Only one portion of the data is to be written out: from the line bearing "SpeedyDrop motorcycle rider" through the line bearing "1.75 Carats Solitaire". Write it exactly as it appears.
=====
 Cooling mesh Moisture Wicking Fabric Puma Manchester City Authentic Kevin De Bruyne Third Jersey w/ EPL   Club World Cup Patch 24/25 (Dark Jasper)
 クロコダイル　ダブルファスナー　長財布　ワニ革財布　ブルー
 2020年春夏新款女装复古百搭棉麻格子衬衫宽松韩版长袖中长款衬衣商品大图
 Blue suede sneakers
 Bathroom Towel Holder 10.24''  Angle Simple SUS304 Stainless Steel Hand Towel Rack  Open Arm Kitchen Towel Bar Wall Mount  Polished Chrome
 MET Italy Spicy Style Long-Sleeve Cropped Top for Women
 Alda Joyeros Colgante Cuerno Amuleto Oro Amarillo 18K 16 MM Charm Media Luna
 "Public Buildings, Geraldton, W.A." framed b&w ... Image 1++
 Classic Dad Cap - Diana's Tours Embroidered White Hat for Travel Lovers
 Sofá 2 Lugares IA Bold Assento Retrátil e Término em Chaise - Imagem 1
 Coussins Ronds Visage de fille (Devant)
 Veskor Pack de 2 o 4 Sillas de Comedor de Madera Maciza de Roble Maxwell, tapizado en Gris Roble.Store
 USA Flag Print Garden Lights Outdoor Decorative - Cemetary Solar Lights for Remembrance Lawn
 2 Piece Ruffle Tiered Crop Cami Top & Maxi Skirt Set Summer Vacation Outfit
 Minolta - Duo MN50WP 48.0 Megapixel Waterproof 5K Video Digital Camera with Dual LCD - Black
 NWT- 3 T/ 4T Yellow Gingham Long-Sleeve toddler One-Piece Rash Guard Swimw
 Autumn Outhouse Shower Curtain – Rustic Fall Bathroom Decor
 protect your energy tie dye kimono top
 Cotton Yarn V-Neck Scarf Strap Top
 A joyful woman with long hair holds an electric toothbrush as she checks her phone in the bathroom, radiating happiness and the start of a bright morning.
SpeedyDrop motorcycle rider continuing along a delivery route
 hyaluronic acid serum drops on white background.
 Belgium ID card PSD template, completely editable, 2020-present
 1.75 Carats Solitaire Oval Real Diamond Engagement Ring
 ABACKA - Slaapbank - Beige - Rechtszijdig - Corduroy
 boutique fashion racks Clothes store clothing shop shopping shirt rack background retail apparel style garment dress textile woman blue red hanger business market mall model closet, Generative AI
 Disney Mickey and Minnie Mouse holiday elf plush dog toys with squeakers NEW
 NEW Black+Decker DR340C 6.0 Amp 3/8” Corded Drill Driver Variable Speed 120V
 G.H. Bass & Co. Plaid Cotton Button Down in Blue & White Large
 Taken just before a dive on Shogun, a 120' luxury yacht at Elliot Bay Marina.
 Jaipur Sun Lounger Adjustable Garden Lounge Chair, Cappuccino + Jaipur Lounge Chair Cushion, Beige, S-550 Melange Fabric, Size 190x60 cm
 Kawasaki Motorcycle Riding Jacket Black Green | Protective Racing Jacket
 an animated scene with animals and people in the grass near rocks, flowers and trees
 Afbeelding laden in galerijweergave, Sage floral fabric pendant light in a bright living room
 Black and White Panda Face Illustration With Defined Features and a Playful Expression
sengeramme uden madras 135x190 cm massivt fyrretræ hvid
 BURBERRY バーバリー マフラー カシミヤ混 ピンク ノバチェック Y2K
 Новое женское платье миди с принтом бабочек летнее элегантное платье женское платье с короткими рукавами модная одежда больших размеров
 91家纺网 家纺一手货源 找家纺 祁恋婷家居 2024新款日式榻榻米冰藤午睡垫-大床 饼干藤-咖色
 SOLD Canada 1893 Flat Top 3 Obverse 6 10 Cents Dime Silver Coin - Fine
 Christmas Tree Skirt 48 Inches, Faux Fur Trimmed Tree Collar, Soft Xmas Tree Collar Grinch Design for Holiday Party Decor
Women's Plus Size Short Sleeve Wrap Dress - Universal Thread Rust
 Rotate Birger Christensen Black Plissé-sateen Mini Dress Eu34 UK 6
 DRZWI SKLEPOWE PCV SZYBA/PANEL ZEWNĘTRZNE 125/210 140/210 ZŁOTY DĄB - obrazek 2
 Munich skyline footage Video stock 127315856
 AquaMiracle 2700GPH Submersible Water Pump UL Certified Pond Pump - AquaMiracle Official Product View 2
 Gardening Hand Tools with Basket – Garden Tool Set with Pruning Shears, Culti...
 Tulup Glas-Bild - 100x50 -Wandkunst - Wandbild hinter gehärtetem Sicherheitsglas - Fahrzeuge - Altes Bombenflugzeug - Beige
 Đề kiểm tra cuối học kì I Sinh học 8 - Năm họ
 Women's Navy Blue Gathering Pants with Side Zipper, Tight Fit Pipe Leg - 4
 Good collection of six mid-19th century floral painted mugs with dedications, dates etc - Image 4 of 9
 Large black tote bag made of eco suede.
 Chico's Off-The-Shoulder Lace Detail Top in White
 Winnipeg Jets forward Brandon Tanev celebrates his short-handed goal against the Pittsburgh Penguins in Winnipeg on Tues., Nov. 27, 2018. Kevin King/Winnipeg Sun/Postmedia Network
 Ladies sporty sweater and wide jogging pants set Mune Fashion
=====
* Written response:
SpeedyDrop motorcycle rider continuing along a delivery route
 hyaluronic acid serum drops on white background.
 Belgium ID card PSD template, completely editable, 2020-present
 1.75 Carats Solitaire Oval Real Diamond Engagement Ring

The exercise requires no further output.